On Weill and Nash's "That's Him"

Just fabulous. This image alone is all you need to know.
So, Kurt Weill, Ogden Nash, and S. J. Perelman wrote a Broadway musical for Marlene Dietrich about the goddess, Venus, doing her best with contemporary New York City way back during World War II. Dietrich toyed with them for months, batting them around like a semi-interested cat who knew the mouse's final outcome, until she finally rejected the project in the eleventh hour. This made Weill so angry that he cursed her out auf Deutsch, which is reportedly the only time he ever used his mother tongue after he moved to the States. Anyway, I told you that story to tell you this one.

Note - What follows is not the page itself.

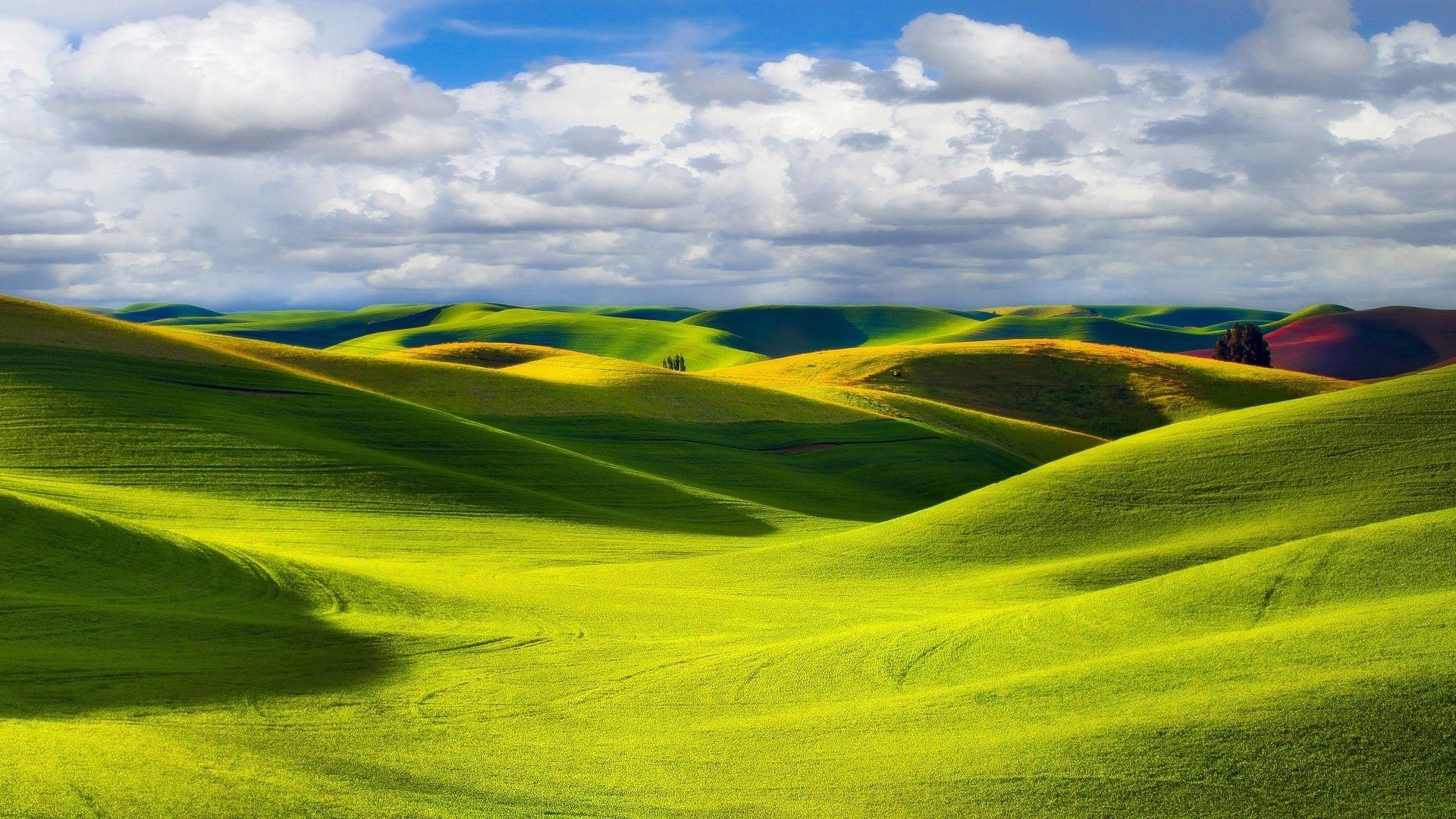 Green Hills Wallpaper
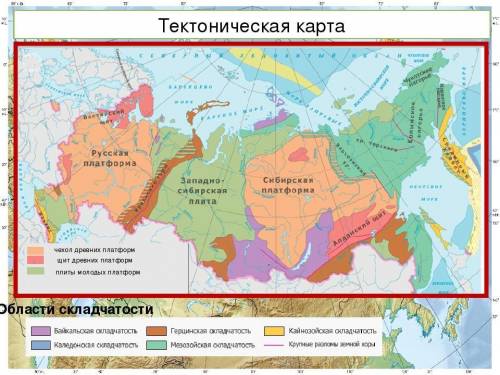 Определите положение тектонических структур на территории россии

"Say hello to Miss No-Talent."
It ended up that Miss Mary Martin, mother of Larry Hagman, got the role in One Touch of Venus, as the show came to be called. It's a light musical comedy with a wonderful score and a witty book that, as a reviewer in the current Kurt Weill Newsletter points out, contains the injunction from the goddess that the audience should "make love while they still can," at a time when the war's outcome was far from certain (the show opened in 1943). This is a context many of us, especially those in New York, can well understand; and we should also remember that to "make love" to someone can have many meanings, and especially in 1943 it could mean to woo, to flirt, to enjoy the presence of another, not just the crass suggestion of fucking. Wooing and the feminine side of it are neatly crystallized in a song that was (if memory serves, as it often doesn't) cut from the score [ed. note: it wasn't], the title song, "One Touch of Venus"--the final lyric goes: "With a little touch a damsel, a little touch of goddess, life can be a goddess-damsel cinch." If only we had lyrics of such adult lightness and witty blasphemy on Broadway now. But as usual I digress. I am here to discuss a different song, one of several show stoppers in this lovely score, and that's "That's Him."

Miss Mary Martin, being not arty, not actory. Sorry, I meant it the other way around.
There is a category of song written by men for women in love to sing and this is one of those numbers. Because of the nature of Broadway, American composers, and poets in general, the intersection of these categories often signals the presence of a homosexual in the mix. But not always. There are many showtunes sung by women disfigured by desire and not all of them are by Sondheim. His mentor, Oscar Hammerstein II, wrote a bunch (we also have Cole Porter and Blitzstein and Menotti to name some less-than-strictly-hetero lyric writers), but in this case we have Ogden Nash, who was a terrific light poet, who was married and had kids, and, as far as my terrifically light research is concerned, seems to have not been gay. But who knows? No one knows. After all, he never sucked my cock (as the Bankhead is said to have proclaimed once, so gloriously). So, let us, just for fun, assume he was straight.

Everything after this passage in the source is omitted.